# The Dreamslayer



## Iron Angel (Aug 2, 2009)

For fluff, here.

The first of my Lords I chose to do was the Dreamslayer.

Once the most stalwart and devout follower of the Nightbringer, her lust for carnage and her insane hatred of all those who were not Necrontyr led her across the galaxy and finally into the webway during the Necrontyr's final assault on the Old Ones. Battle was her home, and the twisted nightmares that plagued her memory only drove her deeper into her insatiable bloodlust. The Nightbringer gave a purpose to her anger, and in his name, she struck down countless leaders of enemy species until the Great Slumber, and now the culmination of the great works is at hand- With her mighty cleaver standing as the vanguard of the galaxy's eclipse.

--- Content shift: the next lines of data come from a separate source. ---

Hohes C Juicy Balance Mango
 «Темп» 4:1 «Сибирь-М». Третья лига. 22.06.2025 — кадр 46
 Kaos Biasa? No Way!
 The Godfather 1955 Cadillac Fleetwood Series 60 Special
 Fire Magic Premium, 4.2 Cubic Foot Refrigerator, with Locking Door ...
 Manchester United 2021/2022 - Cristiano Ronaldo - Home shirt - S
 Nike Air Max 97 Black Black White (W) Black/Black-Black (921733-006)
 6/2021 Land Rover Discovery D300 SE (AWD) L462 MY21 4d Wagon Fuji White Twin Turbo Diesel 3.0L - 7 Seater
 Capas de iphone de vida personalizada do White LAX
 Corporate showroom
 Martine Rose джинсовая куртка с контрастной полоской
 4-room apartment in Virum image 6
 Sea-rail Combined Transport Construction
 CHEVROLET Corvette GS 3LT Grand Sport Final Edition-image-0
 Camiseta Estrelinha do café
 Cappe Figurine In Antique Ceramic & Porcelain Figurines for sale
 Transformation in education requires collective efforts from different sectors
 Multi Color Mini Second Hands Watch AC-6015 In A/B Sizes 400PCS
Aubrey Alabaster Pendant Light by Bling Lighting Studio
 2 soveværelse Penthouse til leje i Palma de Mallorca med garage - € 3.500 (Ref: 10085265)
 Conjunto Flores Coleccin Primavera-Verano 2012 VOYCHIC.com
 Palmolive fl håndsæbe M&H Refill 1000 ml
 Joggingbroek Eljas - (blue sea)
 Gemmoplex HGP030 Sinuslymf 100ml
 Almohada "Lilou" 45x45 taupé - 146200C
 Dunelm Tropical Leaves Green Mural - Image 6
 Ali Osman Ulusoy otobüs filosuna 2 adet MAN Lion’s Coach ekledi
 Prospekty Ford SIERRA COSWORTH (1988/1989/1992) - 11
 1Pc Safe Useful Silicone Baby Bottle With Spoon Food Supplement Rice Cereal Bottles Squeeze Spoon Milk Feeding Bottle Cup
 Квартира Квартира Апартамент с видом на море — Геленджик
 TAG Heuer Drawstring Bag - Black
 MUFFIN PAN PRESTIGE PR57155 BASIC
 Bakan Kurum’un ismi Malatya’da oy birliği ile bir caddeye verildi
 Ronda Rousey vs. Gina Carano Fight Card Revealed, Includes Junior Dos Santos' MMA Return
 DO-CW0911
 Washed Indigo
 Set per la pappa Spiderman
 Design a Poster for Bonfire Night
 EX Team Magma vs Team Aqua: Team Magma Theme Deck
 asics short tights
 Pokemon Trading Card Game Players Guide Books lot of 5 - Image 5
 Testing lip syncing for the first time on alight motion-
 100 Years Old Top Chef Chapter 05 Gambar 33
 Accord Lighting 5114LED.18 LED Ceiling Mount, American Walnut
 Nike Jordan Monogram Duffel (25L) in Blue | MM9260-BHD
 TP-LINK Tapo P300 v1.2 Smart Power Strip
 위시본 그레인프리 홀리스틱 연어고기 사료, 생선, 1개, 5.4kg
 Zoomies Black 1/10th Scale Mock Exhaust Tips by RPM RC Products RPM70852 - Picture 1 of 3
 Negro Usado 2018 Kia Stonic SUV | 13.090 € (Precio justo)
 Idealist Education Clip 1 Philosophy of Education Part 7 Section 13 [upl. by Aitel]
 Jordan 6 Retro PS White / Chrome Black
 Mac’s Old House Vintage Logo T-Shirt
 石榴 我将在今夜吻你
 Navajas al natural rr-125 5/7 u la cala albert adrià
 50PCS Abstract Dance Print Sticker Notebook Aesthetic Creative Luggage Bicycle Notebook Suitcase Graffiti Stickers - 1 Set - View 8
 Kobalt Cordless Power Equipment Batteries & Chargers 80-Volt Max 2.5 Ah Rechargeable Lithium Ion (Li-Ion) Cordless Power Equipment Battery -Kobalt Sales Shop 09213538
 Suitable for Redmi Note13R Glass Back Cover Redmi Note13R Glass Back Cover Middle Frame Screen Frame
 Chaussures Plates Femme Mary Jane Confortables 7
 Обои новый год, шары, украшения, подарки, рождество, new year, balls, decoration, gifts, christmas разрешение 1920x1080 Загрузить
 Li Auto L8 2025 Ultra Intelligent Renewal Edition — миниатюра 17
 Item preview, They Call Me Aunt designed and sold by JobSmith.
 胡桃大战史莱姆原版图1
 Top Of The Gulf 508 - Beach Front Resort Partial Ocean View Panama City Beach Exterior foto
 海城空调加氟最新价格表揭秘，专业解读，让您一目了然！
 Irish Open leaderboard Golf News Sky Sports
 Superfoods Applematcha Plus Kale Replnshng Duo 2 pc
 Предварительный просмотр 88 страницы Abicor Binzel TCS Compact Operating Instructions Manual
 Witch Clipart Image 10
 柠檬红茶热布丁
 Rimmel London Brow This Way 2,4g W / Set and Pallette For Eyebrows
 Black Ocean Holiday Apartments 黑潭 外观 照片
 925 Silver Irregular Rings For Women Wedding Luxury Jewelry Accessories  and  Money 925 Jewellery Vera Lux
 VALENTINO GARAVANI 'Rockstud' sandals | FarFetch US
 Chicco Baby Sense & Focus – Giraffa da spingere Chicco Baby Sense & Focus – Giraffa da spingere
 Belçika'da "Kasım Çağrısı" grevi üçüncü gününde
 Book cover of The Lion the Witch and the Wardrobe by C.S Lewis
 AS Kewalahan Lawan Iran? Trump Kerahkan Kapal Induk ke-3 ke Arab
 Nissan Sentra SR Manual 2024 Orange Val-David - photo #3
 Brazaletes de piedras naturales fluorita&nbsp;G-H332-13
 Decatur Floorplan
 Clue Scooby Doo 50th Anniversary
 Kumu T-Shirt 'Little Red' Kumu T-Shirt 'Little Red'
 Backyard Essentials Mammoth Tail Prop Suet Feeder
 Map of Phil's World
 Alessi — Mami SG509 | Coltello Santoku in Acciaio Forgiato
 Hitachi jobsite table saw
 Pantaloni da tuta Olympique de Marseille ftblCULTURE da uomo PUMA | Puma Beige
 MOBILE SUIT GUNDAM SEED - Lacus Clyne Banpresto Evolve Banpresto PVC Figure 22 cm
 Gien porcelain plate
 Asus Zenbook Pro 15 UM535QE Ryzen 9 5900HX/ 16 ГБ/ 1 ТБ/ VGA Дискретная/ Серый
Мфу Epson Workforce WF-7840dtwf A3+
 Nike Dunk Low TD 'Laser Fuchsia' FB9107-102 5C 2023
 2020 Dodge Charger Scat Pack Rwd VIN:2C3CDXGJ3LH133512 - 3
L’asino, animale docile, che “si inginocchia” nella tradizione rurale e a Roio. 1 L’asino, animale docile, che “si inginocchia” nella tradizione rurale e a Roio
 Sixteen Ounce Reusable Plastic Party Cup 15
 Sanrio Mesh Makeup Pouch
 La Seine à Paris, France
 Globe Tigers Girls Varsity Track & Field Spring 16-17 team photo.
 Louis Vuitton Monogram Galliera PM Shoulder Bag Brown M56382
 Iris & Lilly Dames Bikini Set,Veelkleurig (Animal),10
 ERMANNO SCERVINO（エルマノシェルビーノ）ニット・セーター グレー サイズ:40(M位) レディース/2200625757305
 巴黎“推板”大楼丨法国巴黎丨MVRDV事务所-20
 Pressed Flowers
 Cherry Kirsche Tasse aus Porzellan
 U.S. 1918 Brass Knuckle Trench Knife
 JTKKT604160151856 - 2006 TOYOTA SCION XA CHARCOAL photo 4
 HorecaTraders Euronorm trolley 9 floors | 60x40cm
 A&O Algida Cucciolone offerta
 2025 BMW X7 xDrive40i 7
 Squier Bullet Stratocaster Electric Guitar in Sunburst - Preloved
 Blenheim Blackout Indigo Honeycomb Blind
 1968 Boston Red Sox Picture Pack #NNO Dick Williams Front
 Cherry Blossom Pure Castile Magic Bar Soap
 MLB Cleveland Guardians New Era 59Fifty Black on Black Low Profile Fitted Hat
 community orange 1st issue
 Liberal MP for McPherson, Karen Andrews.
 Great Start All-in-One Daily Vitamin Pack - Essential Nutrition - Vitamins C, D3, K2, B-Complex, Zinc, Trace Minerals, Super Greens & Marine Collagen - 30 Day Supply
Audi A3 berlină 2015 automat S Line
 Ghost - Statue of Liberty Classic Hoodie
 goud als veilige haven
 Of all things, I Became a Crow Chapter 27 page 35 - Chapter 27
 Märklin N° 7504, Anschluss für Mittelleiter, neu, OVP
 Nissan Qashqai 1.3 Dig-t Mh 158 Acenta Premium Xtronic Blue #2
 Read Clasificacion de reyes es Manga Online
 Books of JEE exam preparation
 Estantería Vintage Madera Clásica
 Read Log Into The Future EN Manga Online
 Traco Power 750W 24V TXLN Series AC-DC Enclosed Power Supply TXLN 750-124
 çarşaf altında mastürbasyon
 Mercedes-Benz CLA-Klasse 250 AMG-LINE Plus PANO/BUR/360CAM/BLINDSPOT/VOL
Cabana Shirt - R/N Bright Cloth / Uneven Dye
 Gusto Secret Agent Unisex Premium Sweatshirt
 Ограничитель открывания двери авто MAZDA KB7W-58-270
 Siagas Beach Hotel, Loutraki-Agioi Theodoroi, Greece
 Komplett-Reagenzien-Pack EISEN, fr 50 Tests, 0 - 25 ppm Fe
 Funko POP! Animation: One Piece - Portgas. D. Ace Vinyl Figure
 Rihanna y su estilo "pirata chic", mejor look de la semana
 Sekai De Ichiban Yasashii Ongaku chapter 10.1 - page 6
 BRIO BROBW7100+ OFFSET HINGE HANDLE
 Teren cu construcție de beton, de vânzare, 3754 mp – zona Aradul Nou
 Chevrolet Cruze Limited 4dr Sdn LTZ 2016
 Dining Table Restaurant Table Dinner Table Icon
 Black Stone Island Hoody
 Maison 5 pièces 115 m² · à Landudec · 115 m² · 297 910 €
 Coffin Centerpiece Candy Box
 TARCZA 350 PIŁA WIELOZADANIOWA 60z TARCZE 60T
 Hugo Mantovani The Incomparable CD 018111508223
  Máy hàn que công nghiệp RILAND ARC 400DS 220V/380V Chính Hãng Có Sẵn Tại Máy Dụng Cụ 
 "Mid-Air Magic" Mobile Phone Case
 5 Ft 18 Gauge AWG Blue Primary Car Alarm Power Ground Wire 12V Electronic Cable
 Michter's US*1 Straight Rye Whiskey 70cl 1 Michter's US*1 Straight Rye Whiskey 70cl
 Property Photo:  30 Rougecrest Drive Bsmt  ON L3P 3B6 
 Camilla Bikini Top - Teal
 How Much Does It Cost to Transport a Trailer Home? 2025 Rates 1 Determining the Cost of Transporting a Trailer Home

Some basic modifications to the model:

I am using the Overlord model, as its a very nice model for customizing. I cleaned it up a bit, and standing it next to my Lychguard, realized how _small_ it was. So I got some hot water going, bent the weapon back into shape, and straightened the right leg to add more height. I also had to chop up both arms to get the pose I wanted. I am quite happy with the result.

I also meticulously removed the antlers. I hate the antlers.

Here is what I have so far:










For size comparison with some partially assembled models; Left, a Warrior. Right, a Lychguard.











As she is a counts-as Imotekh, I figured she needed a nasty-looking one-shot weapon. I took the particle caster and lopped off the barrel and the three canisters. Then I took an orb from a warscythe and stuck it on the front. Lastly, I mutilated a praetorian torso back, and put the two spines/ribs/things in the crescent shape and the three orbs where the canisters were.











The chest armor was a tricky thing. I wanted to underline the unmistakable effeminacy of the model, but seeing as the Necrons are just skeletons, it was very tricky to do without it coming of kind off sad/creepy. With that in mind, I decided to make a prominent piece of chest armor. Imotekh has a beastly save so some added padding wouldn't hurt the model, and the right pieces in the right places could underline that the Necrontyr now inhabiting this form was once female. I took two voidblades and diced them up, only keeping the guantlets, then I hollowed them out, angled them, glued them together,and stuck it on. I am very happy with the result.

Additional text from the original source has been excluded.